Рвут ли вопли теплое, или вопли теплого кого-то рвут — мы никогда не узнаем. Но что русские поэты рвут «в куски» русский язык — это мы видим воочию. И продолжают разрушенье, уже по инерции, автоматически, как продолжают разрушенье России те, с которыми «свободные» поэты находятся в «смычке». Явной или тайной, преступной или невинной — это дела не меняет. Я даже думаю, что большинство новейших поэтов к этой смычке относятся «невинно», совсем внесознательно, не в пример, хотя бы, старому Эренбургу, когда-то не без способностей — ныне разлагающемуся. Он понимает, с кем смыкается: «И все же, зная кипь и накипь, и всю беспомощность мою, — шершавым языком собаки подписку верности даю...»

Что выиграет для себя Оренбург или даже «невинные» поэты — менее важно, чем то, что начинаем проигрывать мы, русские, благодаря роковой «смычке» и «подпискам верности». Во-первых — мы, кажется, проиграли нашу поэзию, ибо под заголовком: «Поэзия» нам дается следующее: «Отростки ливня грязнут в гроздьях.

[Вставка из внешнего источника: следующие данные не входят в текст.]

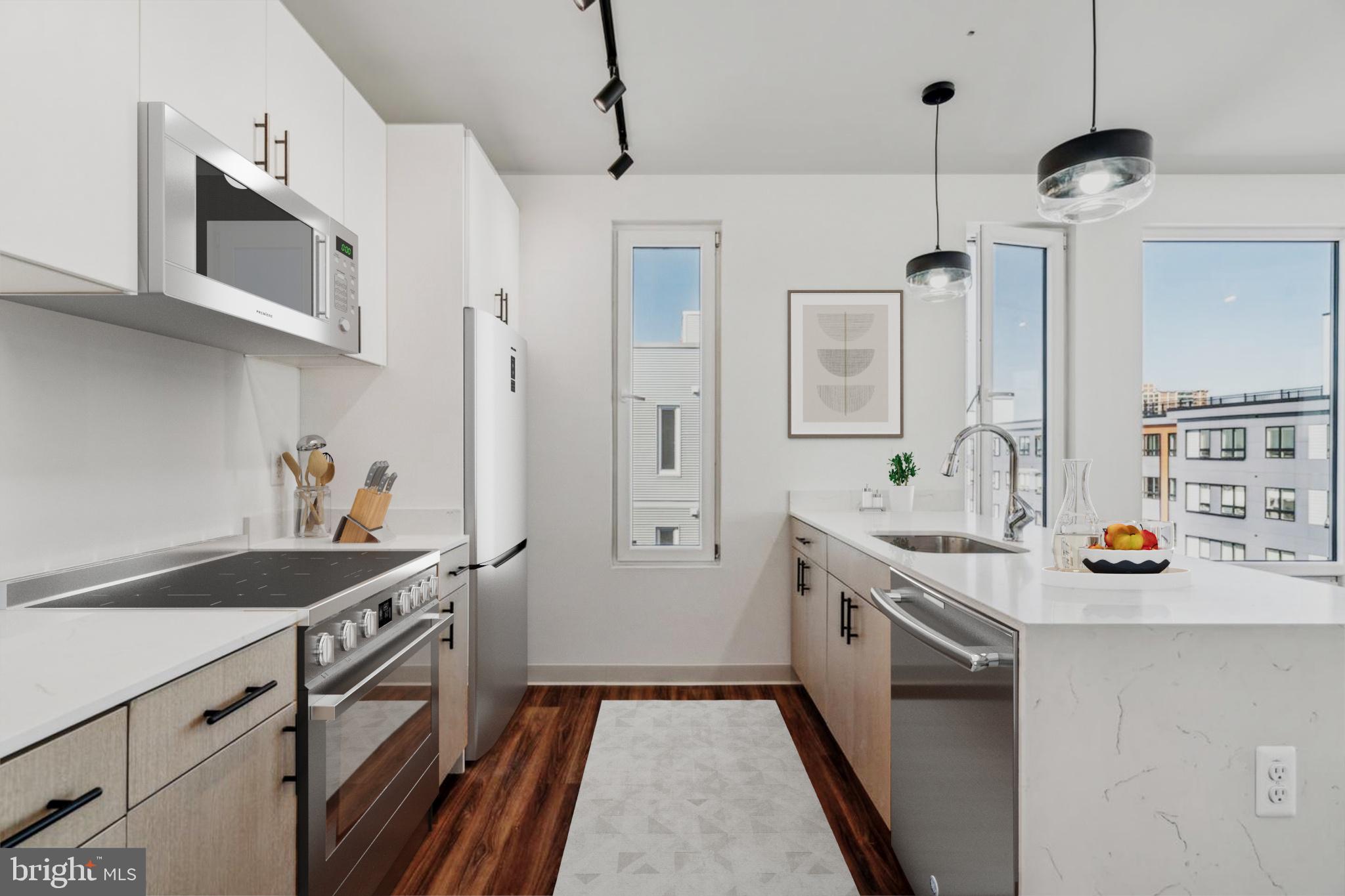 UNIVERSITY CITY - Residential Lease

И долго, до зари, Кропают с кровель свой акростих. Поэзия, когда под краном Пустой как цинк ведра трюизм, То и тогда струя сохранна, Тетрадь подставлена — струись!».

А во-вторых — и это последнее самое страшное — мы, кажется, начинаем проигрывать русский язык...

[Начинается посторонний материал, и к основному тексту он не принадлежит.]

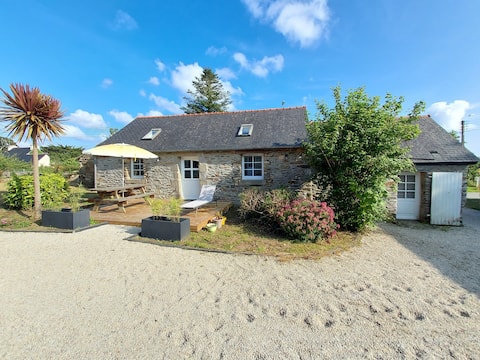 Small renovated farmhouse, fully equipped, close to beaches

Но все-таки верить в это нельзя, хотя нельзя и глаз закрывать на грозные предупредительные знаки. Да, поэты-разрушители с «трюизмом пустого цинка» — современность. Но у нас есть и другая современность. Пускай большой, настоящий, новый, современный поэт, — Владислав Ходасевич, — ответит на «фортковую жуть безгнездных», на улицу, которая «в складки ложится», на все это несчастие России. Россия! Поэт имеет

мучительное право
Тебя любить и проклинать тебя.
В том честном подвиге, в том счастье песнопенья.
Которому служу я каждый миг,
Учитель мой — твой чудотворный гений,
И поприще — волшебный твой язык.
И пред твоими слабыми сынами
Еще порой гордиться я могу
Что сей язык, завещанный веками,
Любовней и ревнивей берегу...

Наши дни — не последние, если есть еще творцы истинной поэзии, ревниво любящие наш язык. Кучка «слабых сынов» родины, пытаясь растлить ее «чудотворный гений», тлеет сама. И пусть даже тление это неостановимо, пусть суждено поэтам-разрушителям дотлеть: разве они — Россия, живая ее жизнь? Нет, нет; каждый из нас, обращая внимательный взор на Россию, может сказать словами поэта:

...сквозь это тленье
Вдруг умиленно слышу я
В нем заключенное биенье
Совсем иного бытия...


Впервые опубликовано: Последние Новости. Париж. 1925. 22 февраля. № 1482. С. 2—3 под псевдонимом Антон Крайний.

Гиппиус, Зинаида Николаевна (1869-1945) - русская поэтесса и писательница, драматург и литературный критик, одна из видных представительниц "Серебряного века" русской культуры.